Short text fragments from websites

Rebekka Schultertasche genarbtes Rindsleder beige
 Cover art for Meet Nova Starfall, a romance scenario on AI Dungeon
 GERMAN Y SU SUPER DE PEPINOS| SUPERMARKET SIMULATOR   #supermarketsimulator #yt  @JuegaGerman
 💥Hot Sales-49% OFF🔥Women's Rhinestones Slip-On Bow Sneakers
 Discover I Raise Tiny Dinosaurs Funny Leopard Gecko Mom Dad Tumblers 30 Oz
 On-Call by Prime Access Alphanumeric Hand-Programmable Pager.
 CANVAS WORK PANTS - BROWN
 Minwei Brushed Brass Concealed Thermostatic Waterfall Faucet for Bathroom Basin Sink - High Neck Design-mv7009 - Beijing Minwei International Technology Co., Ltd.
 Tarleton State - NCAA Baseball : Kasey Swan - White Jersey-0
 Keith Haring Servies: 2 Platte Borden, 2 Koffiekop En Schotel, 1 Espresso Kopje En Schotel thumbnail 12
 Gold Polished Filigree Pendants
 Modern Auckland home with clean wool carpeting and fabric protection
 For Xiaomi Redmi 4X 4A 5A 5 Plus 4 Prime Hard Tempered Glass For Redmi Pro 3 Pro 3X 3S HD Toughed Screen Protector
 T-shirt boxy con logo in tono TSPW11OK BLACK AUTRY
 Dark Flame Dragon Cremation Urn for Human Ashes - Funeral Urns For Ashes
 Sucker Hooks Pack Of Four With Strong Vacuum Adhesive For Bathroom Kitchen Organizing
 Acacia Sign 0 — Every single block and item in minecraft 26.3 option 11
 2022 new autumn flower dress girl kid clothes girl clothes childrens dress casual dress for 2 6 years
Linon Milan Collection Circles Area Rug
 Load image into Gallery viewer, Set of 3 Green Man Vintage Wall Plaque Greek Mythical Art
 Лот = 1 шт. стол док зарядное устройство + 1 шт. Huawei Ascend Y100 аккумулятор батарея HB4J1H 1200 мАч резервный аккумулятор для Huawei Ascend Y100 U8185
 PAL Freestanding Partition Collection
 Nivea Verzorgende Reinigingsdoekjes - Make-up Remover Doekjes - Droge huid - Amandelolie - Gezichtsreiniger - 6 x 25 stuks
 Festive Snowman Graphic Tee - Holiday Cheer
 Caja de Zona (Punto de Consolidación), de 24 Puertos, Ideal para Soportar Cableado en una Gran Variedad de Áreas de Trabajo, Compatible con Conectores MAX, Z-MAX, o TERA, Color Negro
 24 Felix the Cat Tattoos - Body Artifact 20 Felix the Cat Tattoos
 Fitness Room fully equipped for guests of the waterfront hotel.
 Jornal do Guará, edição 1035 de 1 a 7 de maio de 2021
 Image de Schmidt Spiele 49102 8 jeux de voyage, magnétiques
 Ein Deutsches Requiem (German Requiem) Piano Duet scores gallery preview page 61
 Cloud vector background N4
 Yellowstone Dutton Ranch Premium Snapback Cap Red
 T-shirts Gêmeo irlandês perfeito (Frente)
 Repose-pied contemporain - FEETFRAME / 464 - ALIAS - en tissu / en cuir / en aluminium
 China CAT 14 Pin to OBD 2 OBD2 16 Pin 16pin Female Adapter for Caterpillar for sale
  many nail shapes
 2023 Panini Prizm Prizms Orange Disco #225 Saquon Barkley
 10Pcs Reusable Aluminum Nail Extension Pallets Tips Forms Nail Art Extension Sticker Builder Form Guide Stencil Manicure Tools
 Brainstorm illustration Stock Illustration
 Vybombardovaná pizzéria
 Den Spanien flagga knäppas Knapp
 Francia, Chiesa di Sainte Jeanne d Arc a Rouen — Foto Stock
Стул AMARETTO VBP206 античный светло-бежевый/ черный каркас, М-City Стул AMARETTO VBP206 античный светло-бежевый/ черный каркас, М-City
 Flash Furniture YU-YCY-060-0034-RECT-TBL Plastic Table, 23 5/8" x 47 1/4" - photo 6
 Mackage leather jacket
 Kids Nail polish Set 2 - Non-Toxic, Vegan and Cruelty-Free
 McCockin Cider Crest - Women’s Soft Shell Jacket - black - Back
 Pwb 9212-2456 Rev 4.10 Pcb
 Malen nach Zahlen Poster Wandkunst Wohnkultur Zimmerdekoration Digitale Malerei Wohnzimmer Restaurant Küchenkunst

#### Task statement
Every line of the data must be reproduced exactly.

#### Output of the exercise
Rebekka Schultertasche genarbtes Rindsleder beige
 Cover art for Meet Nova Starfall, a romance scenario on AI Dungeon
 GERMAN Y SU SUPER DE PEPINOS| SUPERMARKET SIMULATOR   #supermarketsimulator #yt  @JuegaGerman
 💥Hot Sales-49% OFF🔥Women's Rhinestones Slip-On Bow Sneakers
 Discover I Raise Tiny Dinosaurs Funny Leopard Gecko Mom Dad Tumblers 30 Oz
 On-Call by Prime Access Alphanumeric Hand-Programmable Pager.
 CANVAS WORK PANTS - BROWN
 Minwei Brushed Brass Concealed Thermostatic Waterfall Faucet for Bathroom Basin Sink - High Neck Design-mv7009 - Beijing Minwei International Technology Co., Ltd.
 Tarleton State - NCAA Baseball : Kasey Swan - White Jersey-0
 Keith Haring Servies: 2 Platte Borden, 2 Koffiekop En Schotel, 1 Espresso Kopje En Schotel thumbnail 12
 Gold Polished Filigree Pendants
 Modern Auckland home with clean wool carpeting and fabric protection
 For Xiaomi Redmi 4X 4A 5A 5 Plus 4 Prime Hard Tempered Glass For Redmi Pro 3 Pro 3X 3S HD Toughed Screen Protector
 T-shirt boxy con logo in tono TSPW11OK BLACK AUTRY
 Dark Flame Dragon Cremation Urn for Human Ashes - Funeral Urns For Ashes
 Sucker Hooks Pack Of Four With Strong Vacuum Adhesive For Bathroom Kitchen Organizing
 Acacia Sign 0 — Every single block and item in minecraft 26.3 option 11
 2022 new autumn flower dress girl kid clothes girl clothes childrens dress casual dress for 2 6 years
Linon Milan Collection Circles Area Rug
 Load image into Gallery viewer, Set of 3 Green Man Vintage Wall Plaque Greek Mythical Art
 Лот = 1 шт. стол док зарядное устройство + 1 шт. Huawei Ascend Y100 аккумулятор батарея HB4J1H 1200 мАч резервный аккумулятор для Huawei Ascend Y100 U8185
 PAL Freestanding Partition Collection
 Nivea Verzorgende Reinigingsdoekjes - Make-up Remover Doekjes - Droge huid - Amandelolie - Gezichtsreiniger - 6 x 25 stuks
 Festive Snowman Graphic Tee - Holiday Cheer
 Caja de Zona (Punto de Consolidación), de 24 Puertos, Ideal para Soportar Cableado en una Gran Variedad de Áreas de Trabajo, Compatible con Conectores MAX, Z-MAX, o TERA, Color Negro
 24 Felix the Cat Tattoos - Body Artifact 20 Felix the Cat Tattoos
 Fitness Room fully equipped for guests of the waterfront hotel.
 Jornal do Guará, edição 1035 de 1 a 7 de maio de 2021
 Image de Schmidt Spiele 49102 8 jeux de voyage, magnétiques
 Ein Deutsches Requiem (German Requiem) Piano Duet scores gallery preview page 61
 Cloud vector background N4
 Yellowstone Dutton Ranch Premium Snapback Cap Red
 T-shirts Gêmeo irlandês perfeito (Frente)
 Repose-pied contemporain - FEETFRAME / 464 - ALIAS - en tissu / en cuir / en aluminium
 China CAT 14 Pin to OBD 2 OBD2 16 Pin 16pin Female Adapter for Caterpillar for sale
  many nail shapes
 2023 Panini Prizm Prizms Orange Disco #225 Saquon Barkley
 10Pcs Reusable Aluminum Nail Extension Pallets Tips Forms Nail Art Extension Sticker Builder Form Guide Stencil Manicure Tools
 Brainstorm illustration Stock Illustration
 Vybombardovaná pizzéria
 Den Spanien flagga knäppas Knapp
 Francia, Chiesa di Sainte Jeanne d Arc a Rouen — Foto Stock
Стул AMARETTO VBP206 античный светло-бежевый/ черный каркас, М-City Стул AMARETTO VBP206 античный светло-бежевый/ черный каркас, М-City
 Flash Furniture YU-YCY-060-0034-RECT-TBL Plastic Table, 23 5/8" x 47 1/4" - photo 6
 Mackage leather jacket
 Kids Nail polish Set 2 - Non-Toxic, Vegan and Cruelty-Free
 McCockin Cider Crest - Women’s Soft Shell Jacket - black - Back
 Pwb 9212-2456 Rev 4.10 Pcb
 Malen nach Zahlen Poster Wandkunst Wohnkultur Zimmerdekoration Digitale Malerei Wohnzimmer Restaurant Küchenkunst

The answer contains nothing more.